Ein anderer schreibt dicke Bücher. So ein Marathon, meint er, habe etwas Beruhigendes. (Ich hingegen gehe gern ein paar Schritte spazieren.)
Ich solle mich nicht so reinhängen oder mich besser bezahlen lassen. Wie man's bei anderen immer besser weiß. Das ist nicht mal professionelle Verbeulung, das ist einfach die Begrenzung des Menschen.
Warten und warten.
Tide und Wind sind günstig: alle zugleich tuckern sie aus dem Hafen, die Klipper, Tjalken und Aaken, eine lange Prozession schwarzer Rümpfe, und setzen Segel gleich hinter dem Hafenfeuer. Da verstummen die Motoren, fächert sich die Flotte auf; aus der Parade wird ein Menuett, gespreiztes Segeltuch und schaumiges Wasser, Segel hinter Segel bis zum Horizont, still und unwirklich schön. Statt Handelswaren tragen sie heute Schulklassen und Feriengäste, bunt aufs Oberdeck getupft, winkend.
Nach dem Tag liegen die alten Schiffe wieder dicht an dicht am Kai. Keins ist wie das andere, lauter Sonderanfertigungen. Die Masten schwanken kaum merklich, ein lichter Wald; der Wind rauscht in Leinen und Tauen wie in jungen Kiefern. Zwischen den Rahen hängt der Mond. Mild erleuchtet er den endlosen Abend. Unter das Gluckern des Hafenwassers mischen sich Gespräche, Musik, überschäumende Stimmen. In ein paar Tagen werden die Schiffe mit anderen Gästen hier liegen, auch nach hundert Jahren immer wieder neue Fracht.

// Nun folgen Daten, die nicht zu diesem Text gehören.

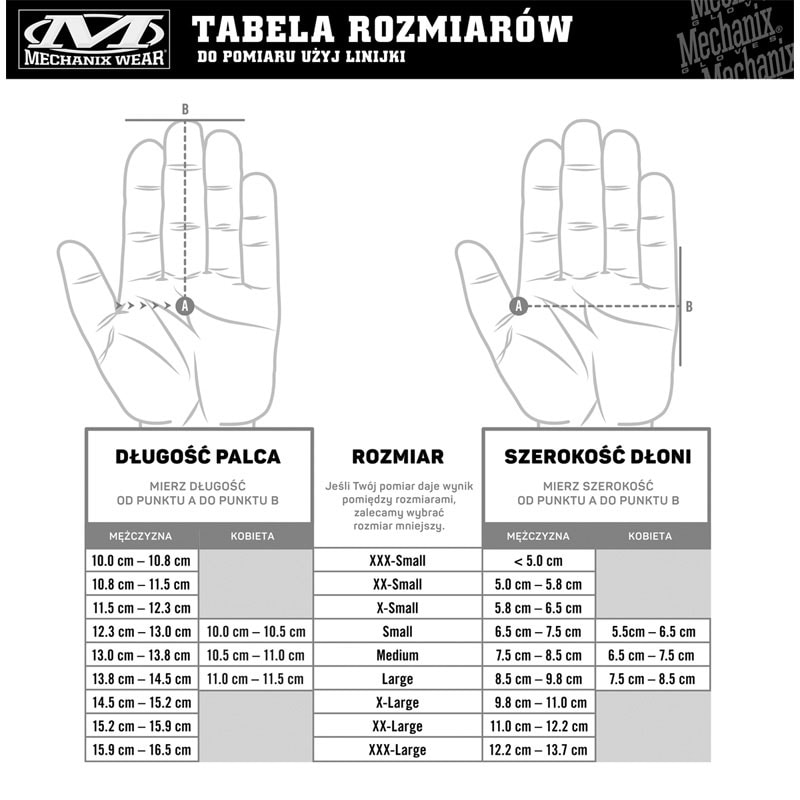 Gants tactique FastFit Mechanix Wear - Covert BLK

Ruhiger, aber nicht still ist es am frühen Morgen, wenn die Sonne noch Kraft sammelt. Ich trinke den ersten Kaffee aus einer dieser gläsernen Tassen, lausche an Deck Seevögeln und Motoren, Hammerschlägen, knallenden Tauen und dem Wind und erwarte den Tag. Zwei geschenkte Stunden voller Schönheit.

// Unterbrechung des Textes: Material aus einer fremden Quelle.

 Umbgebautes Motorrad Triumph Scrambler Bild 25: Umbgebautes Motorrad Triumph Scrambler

Die Autofahrt heim strengt mehr an als alle Arbeit an Bord. Die Aufmerksamkeit muß pausenlos sein und darf bloß nicht ins Weite; es fehlt an Wind, an Himmel. Bei Einbruch der Dunkelheit drängen sich die LKWs auf den Rastplätzen dicht an dicht, aufragende Schatten – ich denke mir Masten hinzu und ein Schwanken – im Hafen zur Nacht.
[Alles übers Wattsegeln.]
Ich zähle zur recht großen Gruppe der Ungeselligen. Das ist mir nicht neu; doch was immer noch zwackt, ist, mißverstanden zu werden, aufgrund falscher Annahmen einen verkehrten Platz zugewiesen zu bekommen. Ich bin nicht Gruppentier genug, irgend etwas richtigzustellen.